Your assignment –
Range to output from the entries below: the line containing "jaula de ardilla?" through the line containing "Целлюлоза это белок". Set it down exactly, ends included, nothing else.

Exercise inputs –
+++++
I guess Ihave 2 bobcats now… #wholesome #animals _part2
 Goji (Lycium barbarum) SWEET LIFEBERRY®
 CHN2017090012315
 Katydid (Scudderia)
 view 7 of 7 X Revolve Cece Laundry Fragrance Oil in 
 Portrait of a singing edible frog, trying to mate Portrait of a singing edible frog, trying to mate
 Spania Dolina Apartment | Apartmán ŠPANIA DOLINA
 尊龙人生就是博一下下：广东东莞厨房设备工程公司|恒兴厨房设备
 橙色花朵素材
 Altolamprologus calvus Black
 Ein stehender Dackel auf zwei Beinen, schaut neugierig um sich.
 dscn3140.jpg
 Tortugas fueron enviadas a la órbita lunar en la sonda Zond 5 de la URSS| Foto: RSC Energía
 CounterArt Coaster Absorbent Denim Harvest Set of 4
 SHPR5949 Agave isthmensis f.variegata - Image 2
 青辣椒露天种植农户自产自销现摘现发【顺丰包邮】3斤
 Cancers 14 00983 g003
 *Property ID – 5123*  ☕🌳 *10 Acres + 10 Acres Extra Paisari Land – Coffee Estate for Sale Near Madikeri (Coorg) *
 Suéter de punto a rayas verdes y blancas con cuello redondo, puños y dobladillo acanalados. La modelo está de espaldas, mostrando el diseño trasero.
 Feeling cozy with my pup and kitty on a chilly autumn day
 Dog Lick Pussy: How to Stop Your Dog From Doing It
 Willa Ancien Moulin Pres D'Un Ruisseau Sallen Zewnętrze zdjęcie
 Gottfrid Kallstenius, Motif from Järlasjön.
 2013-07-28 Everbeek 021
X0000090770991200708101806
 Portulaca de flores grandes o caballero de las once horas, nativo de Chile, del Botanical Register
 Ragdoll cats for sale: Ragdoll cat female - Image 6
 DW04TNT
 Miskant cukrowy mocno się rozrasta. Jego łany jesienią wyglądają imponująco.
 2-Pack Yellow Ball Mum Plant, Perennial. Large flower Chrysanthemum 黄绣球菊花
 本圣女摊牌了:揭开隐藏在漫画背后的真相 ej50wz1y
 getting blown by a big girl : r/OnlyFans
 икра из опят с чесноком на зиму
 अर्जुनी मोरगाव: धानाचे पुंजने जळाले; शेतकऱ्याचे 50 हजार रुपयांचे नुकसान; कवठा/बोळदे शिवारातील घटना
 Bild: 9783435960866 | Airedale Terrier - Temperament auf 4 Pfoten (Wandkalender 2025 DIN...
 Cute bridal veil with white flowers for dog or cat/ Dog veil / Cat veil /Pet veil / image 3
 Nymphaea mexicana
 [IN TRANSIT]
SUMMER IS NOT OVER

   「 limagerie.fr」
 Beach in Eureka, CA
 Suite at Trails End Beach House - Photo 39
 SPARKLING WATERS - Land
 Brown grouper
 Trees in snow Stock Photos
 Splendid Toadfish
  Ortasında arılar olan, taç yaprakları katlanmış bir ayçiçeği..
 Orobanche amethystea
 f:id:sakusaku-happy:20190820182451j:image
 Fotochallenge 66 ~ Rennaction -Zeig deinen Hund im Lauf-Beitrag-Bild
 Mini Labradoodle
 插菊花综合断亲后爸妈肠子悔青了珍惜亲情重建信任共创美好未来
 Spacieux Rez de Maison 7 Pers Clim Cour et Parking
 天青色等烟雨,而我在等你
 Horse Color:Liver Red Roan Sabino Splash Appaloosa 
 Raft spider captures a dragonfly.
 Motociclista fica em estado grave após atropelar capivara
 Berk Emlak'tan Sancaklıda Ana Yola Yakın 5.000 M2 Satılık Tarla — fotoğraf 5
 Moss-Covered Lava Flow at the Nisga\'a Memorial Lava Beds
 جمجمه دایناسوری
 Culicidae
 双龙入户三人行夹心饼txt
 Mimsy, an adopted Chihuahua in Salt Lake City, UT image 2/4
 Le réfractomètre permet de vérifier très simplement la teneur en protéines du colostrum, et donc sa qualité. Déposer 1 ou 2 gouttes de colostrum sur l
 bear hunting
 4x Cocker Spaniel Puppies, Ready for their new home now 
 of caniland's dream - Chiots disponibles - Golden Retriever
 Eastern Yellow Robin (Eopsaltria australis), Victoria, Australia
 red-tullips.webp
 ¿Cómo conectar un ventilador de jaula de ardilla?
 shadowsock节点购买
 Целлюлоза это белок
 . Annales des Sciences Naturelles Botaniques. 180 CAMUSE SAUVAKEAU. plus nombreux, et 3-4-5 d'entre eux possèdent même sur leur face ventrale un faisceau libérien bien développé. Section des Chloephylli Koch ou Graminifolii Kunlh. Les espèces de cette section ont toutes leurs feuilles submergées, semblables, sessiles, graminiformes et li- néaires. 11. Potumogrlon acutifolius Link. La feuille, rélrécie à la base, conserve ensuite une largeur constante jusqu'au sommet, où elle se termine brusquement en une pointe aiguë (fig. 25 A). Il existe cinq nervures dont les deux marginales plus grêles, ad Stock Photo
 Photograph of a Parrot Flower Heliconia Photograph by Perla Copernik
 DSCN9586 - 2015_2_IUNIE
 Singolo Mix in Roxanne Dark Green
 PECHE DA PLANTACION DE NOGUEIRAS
+++++
Your response –
 ¿Cómo conectar un ventilador de jaula de ardilla?
 shadowsock节点购买
 Целлюлоза это белок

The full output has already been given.